Journalism establishes Nevada high school press association
The Reynolds School of Journalism at the University of Nevada, Reno has organized the first statewide association to promote excellence in journalism in Nevada's secondary schools, Dean Jerry Ceppos announced.
Ceppos' comments were delivered during a Nevada Press Association conference Sept. 27 in Mesquite, Nev.
"This is a pivotal time to support Nevada education," Ceppos said. "The Reynolds High School Journalism Association will promote networking and professional development among teachers, high journalistic standards among students and generally will leverage resources. This is the perfect role for a land-grant university."
The Reynolds High School Journalism Association kicks off at the journalism school Oct. 4 with a half-day meeting of high school newspaper advisers and others to support curriculum development, equipment acquisition, and statewide communication.
The journalism school already is one of five sites for the Reynolds High School Journalism Institute, a two-week program that helps advisers hone teaching skills, recognize and incorporate media trends into teaching plans and newspaper production and encourage students to consider journalism as a career. In 2007, the journalism school received a $430,000, three-year grant from the American Society of Newspaper Editors to design and offer the institute.
The school also already supports Journalism Day, an annual event for high school newspaper editors and reporters. This year the event is sponsored by the student chapter of the Society of Professional Journalists and the journalism school.
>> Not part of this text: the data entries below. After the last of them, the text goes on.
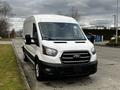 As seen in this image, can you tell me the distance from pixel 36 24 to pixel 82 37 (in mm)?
1801

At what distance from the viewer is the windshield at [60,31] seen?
363 inches

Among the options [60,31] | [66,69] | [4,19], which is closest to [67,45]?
[66,69]

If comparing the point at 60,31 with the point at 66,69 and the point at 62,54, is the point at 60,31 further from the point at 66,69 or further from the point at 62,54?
the point at 66,69

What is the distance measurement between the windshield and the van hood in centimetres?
56

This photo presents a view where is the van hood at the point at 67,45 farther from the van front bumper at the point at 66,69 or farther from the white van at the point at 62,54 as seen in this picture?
the van front bumper at the point at 66,69

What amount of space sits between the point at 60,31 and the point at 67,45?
1306 mm

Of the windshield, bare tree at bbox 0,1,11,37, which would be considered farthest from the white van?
bare tree at bbox 0,1,11,37

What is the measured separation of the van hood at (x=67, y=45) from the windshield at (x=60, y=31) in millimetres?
565

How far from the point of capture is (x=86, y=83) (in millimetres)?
8695

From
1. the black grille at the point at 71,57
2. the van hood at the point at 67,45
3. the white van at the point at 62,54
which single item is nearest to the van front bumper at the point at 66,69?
the white van at the point at 62,54

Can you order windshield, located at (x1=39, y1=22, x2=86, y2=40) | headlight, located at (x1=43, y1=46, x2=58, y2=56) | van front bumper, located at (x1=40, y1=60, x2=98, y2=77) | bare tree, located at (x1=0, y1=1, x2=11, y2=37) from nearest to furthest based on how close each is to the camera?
van front bumper, located at (x1=40, y1=60, x2=98, y2=77) → headlight, located at (x1=43, y1=46, x2=58, y2=56) → windshield, located at (x1=39, y1=22, x2=86, y2=40) → bare tree, located at (x1=0, y1=1, x2=11, y2=37)

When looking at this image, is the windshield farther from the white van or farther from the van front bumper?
the van front bumper

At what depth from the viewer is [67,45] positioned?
8336mm

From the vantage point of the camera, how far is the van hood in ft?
26.9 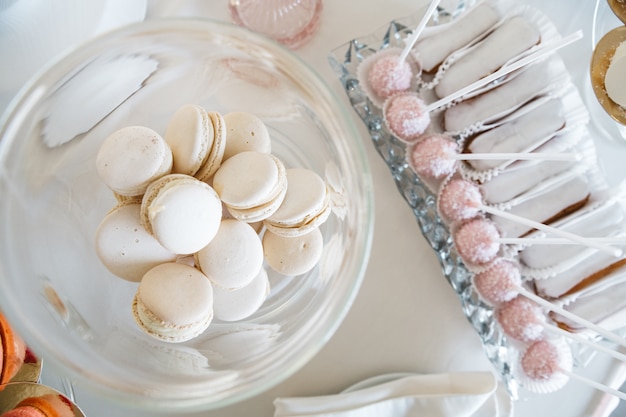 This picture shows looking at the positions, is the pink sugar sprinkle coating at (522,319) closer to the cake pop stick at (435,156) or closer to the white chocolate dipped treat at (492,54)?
the cake pop stick at (435,156)

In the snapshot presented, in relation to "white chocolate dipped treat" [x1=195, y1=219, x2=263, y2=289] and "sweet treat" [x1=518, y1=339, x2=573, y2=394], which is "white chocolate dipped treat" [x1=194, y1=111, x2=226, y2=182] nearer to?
"white chocolate dipped treat" [x1=195, y1=219, x2=263, y2=289]

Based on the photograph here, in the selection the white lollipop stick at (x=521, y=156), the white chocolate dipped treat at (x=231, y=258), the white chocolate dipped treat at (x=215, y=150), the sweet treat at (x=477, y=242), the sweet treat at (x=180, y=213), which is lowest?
the sweet treat at (x=477, y=242)

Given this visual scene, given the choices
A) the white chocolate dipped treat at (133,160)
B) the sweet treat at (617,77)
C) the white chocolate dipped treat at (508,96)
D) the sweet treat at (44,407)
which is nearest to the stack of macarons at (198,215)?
the white chocolate dipped treat at (133,160)

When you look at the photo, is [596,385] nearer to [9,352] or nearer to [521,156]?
[521,156]

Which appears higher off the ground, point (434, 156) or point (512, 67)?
point (512, 67)

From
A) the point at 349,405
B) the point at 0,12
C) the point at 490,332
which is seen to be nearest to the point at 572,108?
the point at 490,332

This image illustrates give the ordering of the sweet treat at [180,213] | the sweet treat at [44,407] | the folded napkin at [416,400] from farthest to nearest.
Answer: the folded napkin at [416,400]
the sweet treat at [44,407]
the sweet treat at [180,213]

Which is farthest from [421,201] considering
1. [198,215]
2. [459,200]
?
[198,215]

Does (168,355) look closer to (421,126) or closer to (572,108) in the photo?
(421,126) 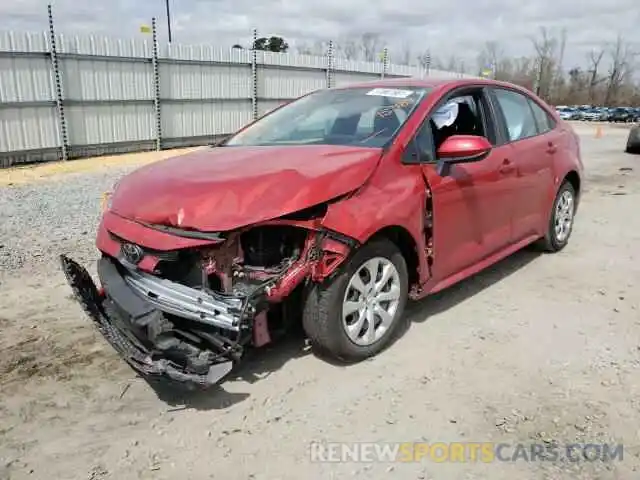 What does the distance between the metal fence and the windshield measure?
9.24 meters

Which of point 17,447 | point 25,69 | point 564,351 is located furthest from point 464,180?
point 25,69

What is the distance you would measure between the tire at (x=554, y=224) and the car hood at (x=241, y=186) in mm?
2850

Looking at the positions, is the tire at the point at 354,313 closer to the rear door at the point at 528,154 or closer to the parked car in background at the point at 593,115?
the rear door at the point at 528,154

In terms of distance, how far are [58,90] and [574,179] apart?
430 inches

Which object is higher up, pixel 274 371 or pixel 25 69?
pixel 25 69

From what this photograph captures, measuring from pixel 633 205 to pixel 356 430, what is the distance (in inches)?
291

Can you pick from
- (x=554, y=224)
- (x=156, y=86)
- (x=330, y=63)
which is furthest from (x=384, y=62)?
(x=554, y=224)

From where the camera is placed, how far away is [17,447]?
9.02 ft

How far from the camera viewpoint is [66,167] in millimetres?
11953

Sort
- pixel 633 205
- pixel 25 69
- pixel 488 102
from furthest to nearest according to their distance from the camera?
pixel 25 69
pixel 633 205
pixel 488 102

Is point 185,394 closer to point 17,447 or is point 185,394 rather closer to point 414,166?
point 17,447

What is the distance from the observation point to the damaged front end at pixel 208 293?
2898 mm

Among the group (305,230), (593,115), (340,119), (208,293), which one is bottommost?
(593,115)

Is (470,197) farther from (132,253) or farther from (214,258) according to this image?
(132,253) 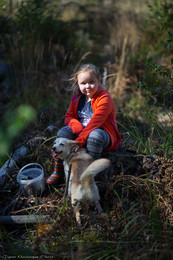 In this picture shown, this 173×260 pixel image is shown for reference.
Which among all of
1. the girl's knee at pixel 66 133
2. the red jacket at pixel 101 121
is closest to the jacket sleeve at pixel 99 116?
the red jacket at pixel 101 121

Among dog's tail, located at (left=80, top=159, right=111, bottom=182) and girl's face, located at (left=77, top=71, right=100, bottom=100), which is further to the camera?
girl's face, located at (left=77, top=71, right=100, bottom=100)

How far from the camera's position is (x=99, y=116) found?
255 cm

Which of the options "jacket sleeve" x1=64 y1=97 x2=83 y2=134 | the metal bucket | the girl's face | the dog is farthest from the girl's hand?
the girl's face

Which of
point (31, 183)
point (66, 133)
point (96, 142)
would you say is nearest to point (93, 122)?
point (96, 142)

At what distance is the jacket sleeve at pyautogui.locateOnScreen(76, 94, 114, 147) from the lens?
2498 millimetres

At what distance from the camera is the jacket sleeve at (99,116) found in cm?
250

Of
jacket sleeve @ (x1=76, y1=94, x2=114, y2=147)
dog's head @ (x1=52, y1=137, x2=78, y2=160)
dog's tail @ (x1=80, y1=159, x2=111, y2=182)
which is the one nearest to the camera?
dog's tail @ (x1=80, y1=159, x2=111, y2=182)

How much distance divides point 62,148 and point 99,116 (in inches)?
21.3

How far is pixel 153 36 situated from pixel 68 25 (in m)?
Result: 2.40

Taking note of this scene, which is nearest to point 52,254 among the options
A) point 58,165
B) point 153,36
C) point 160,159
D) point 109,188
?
point 109,188

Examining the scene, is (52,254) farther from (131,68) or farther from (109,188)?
(131,68)

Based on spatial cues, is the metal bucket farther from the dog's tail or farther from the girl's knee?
the dog's tail

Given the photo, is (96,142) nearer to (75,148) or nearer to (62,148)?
(75,148)

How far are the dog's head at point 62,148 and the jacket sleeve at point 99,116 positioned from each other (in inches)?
4.8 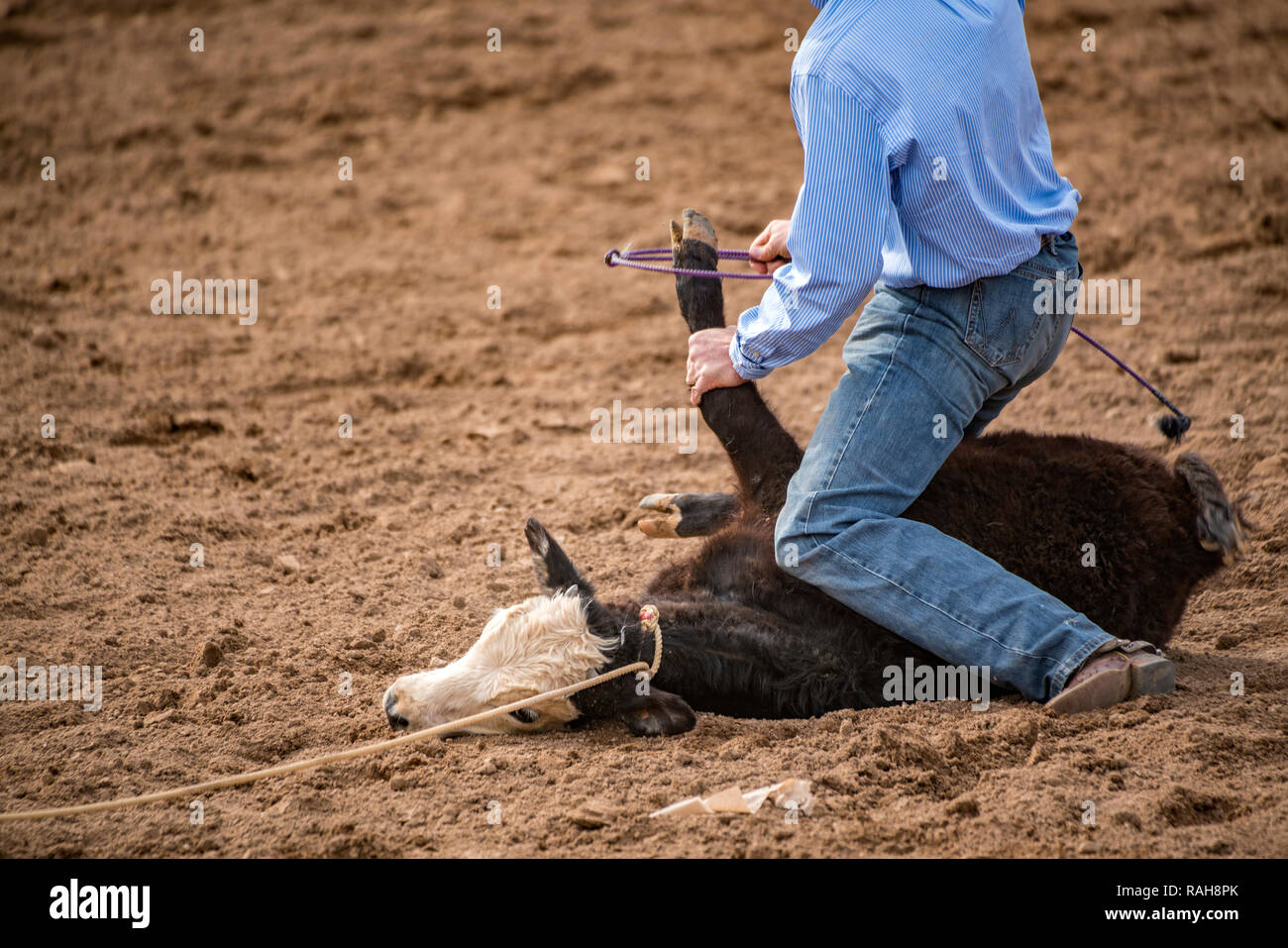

On Nov. 7, students are expected to travel to Journalism Day from throughout northern Nevada and the Tahoe-Truckee and Lassen school districts in California.
"The journalism school faculty is 100 percent committed to our new organization because there is a positive link between high school journalism and academic achievement," Ceppos said. "A Newspaper of Association of America study this year showed that students who work on high school newspapers and yearbooks get better grades in high school, earn higher ACT scores and get better grades as college freshmen."
The Reynolds School of Journalism is Nevada's only accredited journalism school.